Derive the % difference of listing price as compared to transaction price at the same percentile, and take the maximum % value from the percentiles. The % difference may be used as a guiding number on what the maximum price gap between listing and transaction value in that project/building.
When there is no transaction in the project/building, the matching module identifies projects/buildings which are similar to the current one and within a distance radius (e.g. within 0.5km/lkm) to obtain the maximum price gap as the price gap for current project/building. Similar projects/buildings may be clustered to be in the same project cluster by using k-prototype clustering based on completion year, geographical location, project sizes and other project attributes.
For each listing, identify the latest transaction (that occurs after the listing date) that fulfils the following matching criteria:
Similar area (e.g. +/- 5%)
The price gap within the listing price and transaction value as generated above
For remaining transaction records that are not matched, identify the nearest listing (that occurred before the listing date) that fulfils the following matching criteria: Similar area (e.g. +/- 5%)
The price gap within the listing price and transaction value as generated above
[0073] Matching module may be configured to assign transaction records to one or more deduplicated property listings in the cases for which the matching method 700 does not result in a clear match, or for cases in which there are more than one deduplicated property listing that have equal chances of being the corresponding match with a given transaction.
[0074] The above process results in the interconnection of the agent database 180F, the listing database 180A, the deduplicated listing database 180C, the transaction database 180D, and the property database 180E, as each transaction ID is included in the corresponding deduplicated property listing record, each raw listing is included in the corresponding raw property listing record, and agents’ ID are included in the corresponding raw property listing record, in a continuous process that follows the steps in Fig. 7.
[0075] By generating deduplicated property listings and matching transaction records to the listings, the system 100 enables analysis of property listing information from multiple sources as well as property transaction information from multiple sources, and consolidating into unified, consistent and interlinked datasets in which each property’s historical listings and transactions are accessible and the real availability of properties for rent and for sale is revealed. This allows a user to access listings from multiple different listing platforms under the same system, identify which listings correspond to the same property, determine the real number of properties available.

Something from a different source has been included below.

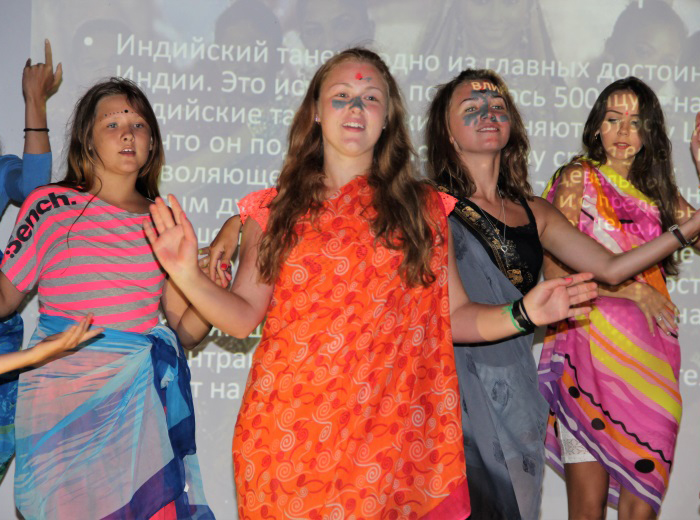 …с ее удивительной культурой и древними традициями!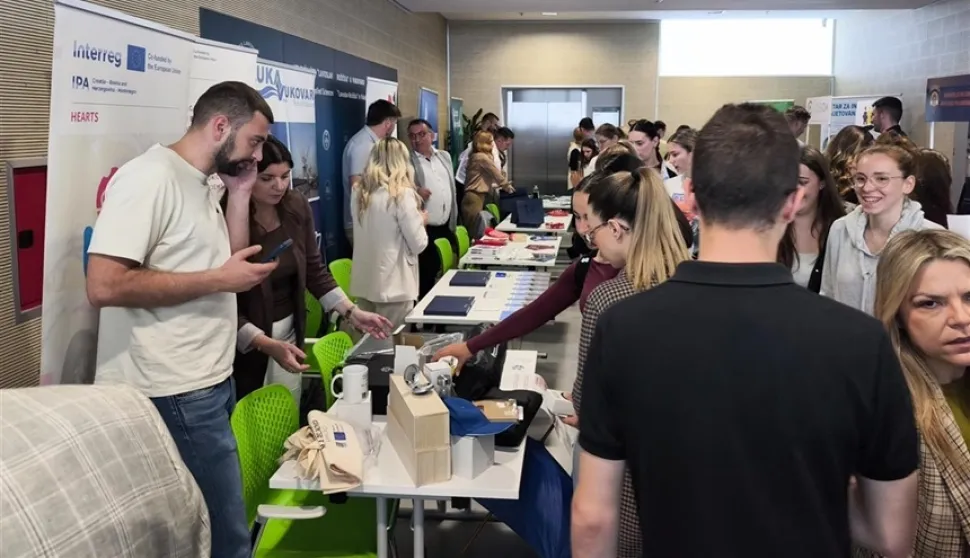 Budući studenti vukovarskog Veleučili&scaron;ta upoznali se s ponudama studija, ali i potrebama na trži&scaron;tu rada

System 100 also enables users the ability to interact with each other across multiple platforms, as a result of the unification, consolidation and coordination of listing and transaction information.
[0076] Fig. 8 shows a flow diagram of an exemplary method 800 of obtaining historical asking closing price spreads for single properties and the relationships between the databases. As shown in Fig. 8, the transactions database 180D may be interlinked to the deduplicated property listings database 180C and to the property database 180E by the incorporation of a matched transaction ID and a property ID in the databases.
[0077] Property listings have a published price that is determined by the person who creates the listing, such as the owner of the property or the real estate agent who creates the listing. This value is equivalent to an asking price and may be different from the actual transaction value that will occur once an agreement has been made between buyer and seller or between landlord and tenant.
[0078] By effectively linking property listings to transaction records, it is possible to compute the spread between listing prices and transaction values for individual properties and transactions, consolidated groups of properties on predetermined geographic regions, and for clusters of properties and/or transactions that are grouped according to different clustering techniques and criteria.
[0079] Method 800 may include retrieving the listing price from the deduplicated listing database 180C and the transaction value from the transaction database 180D in block 810. Method 800 may include calculating the asking -closing price spreads in block 820. For each raw property listing for which there are records of matched deduplicated property listings and transaction records, two new records are created which record the absolute spread between that listing price and each transacted value, i.e. listed price minus transaction value, and the percentage spread between these values, i.e. listed price minus transaction price, divided by transaction price. Together with the transaction date, the raw listing database 180A effectively records all recorded asking-closing spreads recorded historically. Method 800 may include updating the asking price-closing spreads in property database 180E, deduplicated listing database 180C and raw listing database 180A in block 830.
[0080] For each property in the property database 180E for which deduplicated property listings and transaction records are recorded, the system 100 may obtain records of asking closing spreads via the relationship established between the deduplicated listings database 180C and raw listings database 180A. As the property database 180E contains identifiers of the property such as geographic location, name of development name or building name, property type, etc., the system 100 may be configured to obtain the results of historical asking closing price spreads for any cluster of properties for which selection criteria are specified.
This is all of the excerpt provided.